Mahjong AI: The Next Level

Within the past few decades, we have created machines and artificial intelligence that can play games- and play games well. Chess is a prime example of this, with quite a remarkable history against some of the best human grandmasters. For practice, entertainment, analysis of games, training and research in artificial intelligence, we’ve created many machines and programs that have pushed the boundaries of both technology and, in a way, their respective games. I want to explore a particular game which is seeing recent progress in this department and highlight the unique challenges it presents. Let’s explore artificial intelligence in Mahjong. 

What is Mahjong?

Mahjong is a multi-round, tile-based game originating in China during the Qing Dynasty and has spread around the world since the early 20th century. It’s usually a four-player game, although there are a few three-player variations in Japan, South Korea and Southeast Asia. For this article, I will mainly be talking about Japanese mahjong (or Riichi mahjong), as it seems like a lot of the research for artificial intelligence is based on this particular variation, as it has a large community on- and offline.
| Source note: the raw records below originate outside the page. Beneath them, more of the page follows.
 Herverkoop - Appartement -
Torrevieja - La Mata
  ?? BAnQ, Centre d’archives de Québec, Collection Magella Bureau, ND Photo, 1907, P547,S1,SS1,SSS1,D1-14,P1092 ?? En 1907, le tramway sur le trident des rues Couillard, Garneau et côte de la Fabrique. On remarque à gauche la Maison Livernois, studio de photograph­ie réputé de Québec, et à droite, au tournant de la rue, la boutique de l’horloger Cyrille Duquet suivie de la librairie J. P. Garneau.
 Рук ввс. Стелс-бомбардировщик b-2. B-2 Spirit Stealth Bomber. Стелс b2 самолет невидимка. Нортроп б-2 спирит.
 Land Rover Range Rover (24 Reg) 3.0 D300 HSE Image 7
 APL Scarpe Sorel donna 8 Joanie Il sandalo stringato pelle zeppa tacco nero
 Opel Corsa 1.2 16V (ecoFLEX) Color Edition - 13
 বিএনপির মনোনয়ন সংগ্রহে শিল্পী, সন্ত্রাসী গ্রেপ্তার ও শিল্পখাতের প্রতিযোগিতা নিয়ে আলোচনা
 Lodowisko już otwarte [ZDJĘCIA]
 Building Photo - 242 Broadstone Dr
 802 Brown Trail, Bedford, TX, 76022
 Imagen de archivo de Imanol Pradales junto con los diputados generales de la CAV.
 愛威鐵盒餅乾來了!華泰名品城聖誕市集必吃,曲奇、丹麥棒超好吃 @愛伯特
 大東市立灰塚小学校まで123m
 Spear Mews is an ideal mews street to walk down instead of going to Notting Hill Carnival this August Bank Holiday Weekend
Riichi mahjong is played with 136 tiles. Mahjong, in general, uses 144 tiles based on Chinese characters and symbols, but a lot of the variations either add or omit certain tiles. Each player starts with 13 tiles and a certain number of points (usually 25,000), and players draw and discard the tiles in their hand to try and be the first to create a winning hand with (usually) 14 tiles. Since players always draw one tile and discard another, they need to either draw the 14th tile they need or wait for someone else to discard it. These hands earn the player points and, once someone makes a hand, the round is over and another starts. These points accumulate and the player with the most points at the end wins. You don’t see the other players’ hands, but each tile you discard is placed and ordered in front of you for everyone to see.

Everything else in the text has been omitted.